Men's Team Pursuit Speed Skating: Nations Jockey for Position at Milano-Cortina
Momentum from recent short-track drama at the Milano-Cortina Winter Games has national speed-skating programs buzzing as the men's team pursuit approaches. Silver celebrations on the ice and photo-finish thrills have underscored how fine the margins are — a theme that will carry into the long-track team event.
Teams to watch
The Netherlands remains the nation to beat when it comes to team pursuit depth and technical polish. Dutch skaters' habit of producing clean, fast laps under pressure puts them squarely in gold discussions.
South Korea enters the pursuit with confidence after more podium moments in the skating arena. A recent silver-medal celebration in a marquee men's event has energized the team and spotlighted the country's growing all-discipline strength on ice.
China's program found relief with a high-stakes silver in a sprint final, and that bounce-back could translate into sharper focus in the pursuit, where cadence and timing are decisive. Canada, which pushed the sprint final to the wire in recent competition, also remains a contender — their strength is reliability and tactical awareness when races tighten.
What the short-track drama means for pursuit rivals
Short-track theatrics and photo finishes highlight how Olympic pressure exposes tiny weaknesses and amplifies split-second decisions. While team pursuit is long-track and emphasizes pacing, drafting and synchronous exchanges, the psychological carryover from recent wins and near-misses is tangible.
Teams that have just celebrated medals will bring momentum and belief; teams that suffered costly errors will be hunting redemption. That mix of confidence and urgency can change how nations approach the pursuit: some will aim for controlled, evenly paced laps to avoid mistakes, others may gamble on aggressive pacing to break rivals early.
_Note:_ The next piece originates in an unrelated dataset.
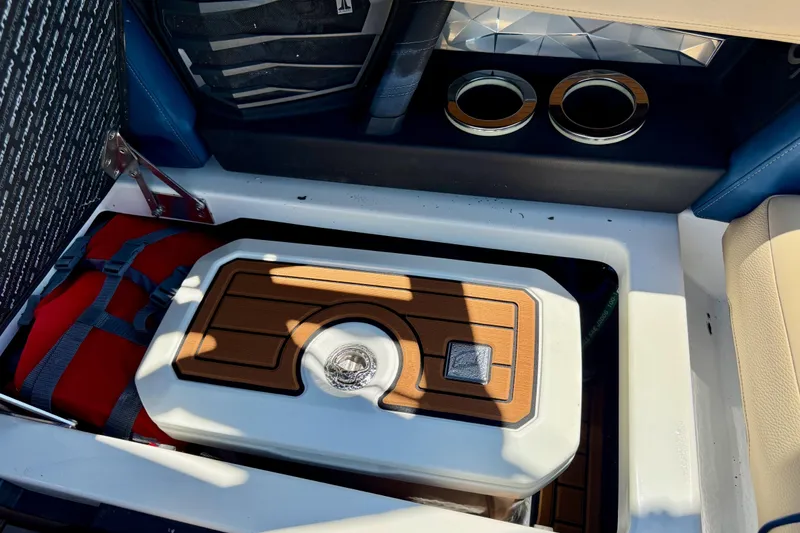 Slide: The Image of Storage compartment in 2021 Nautique Super Air Nautique G21 boat with cooler and life jacket. - 23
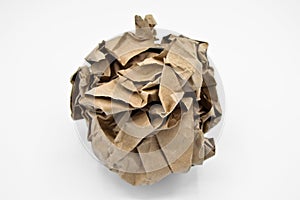 Brown and beige crumpled paper ball.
What to expect and key storylines
Expect tactical chess on ice. The event rewards teams that can rotate seamlessly without losing speed and who time their surges to capitalize on opponents' fatigue. Penalties or mishaps in exchanges can erase an otherwise winning performance, so clean execution will be as important as raw speed.
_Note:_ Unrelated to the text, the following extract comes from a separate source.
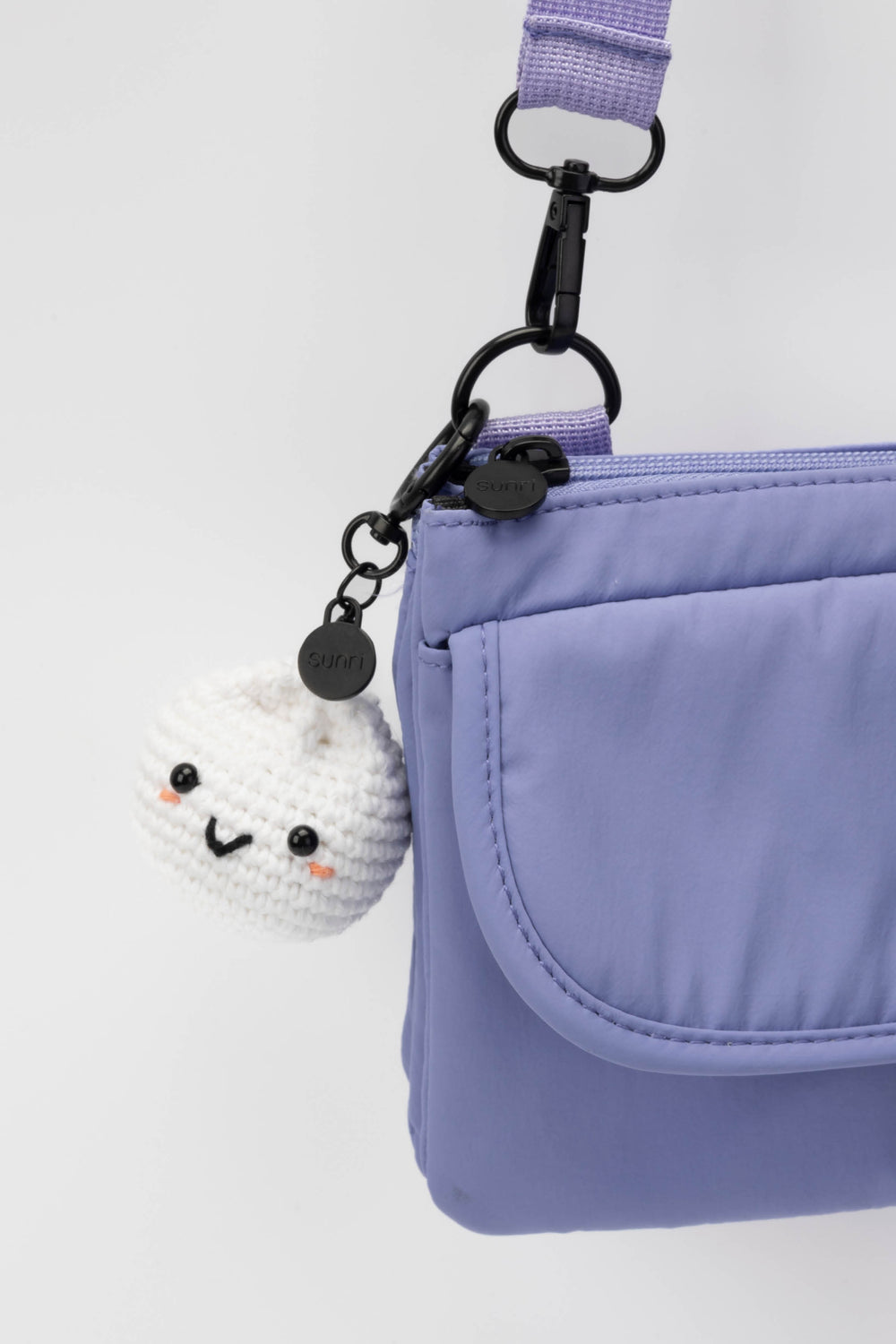 Purple bag with a cute white sushi charm on a light gray background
Watch for tight finishes decided by fractions of a second — a recurring theme during the current Olympic schedule. Individual stars who have recently stood on the podium will draw the spotlight, but the team pursuit is ultimately a collective test: depth, discipline and split-second coordination will determine the medalists.
Races will unfold across the coming days of the Milano-Cortina program; fans and teams alike will be tracking session times in Eastern Time (ET) as official schedules are confirmed. With national pride and the medal table on the line, the men's team pursuit promises to be one of the most strategic and suspenseful events in speed skating this week.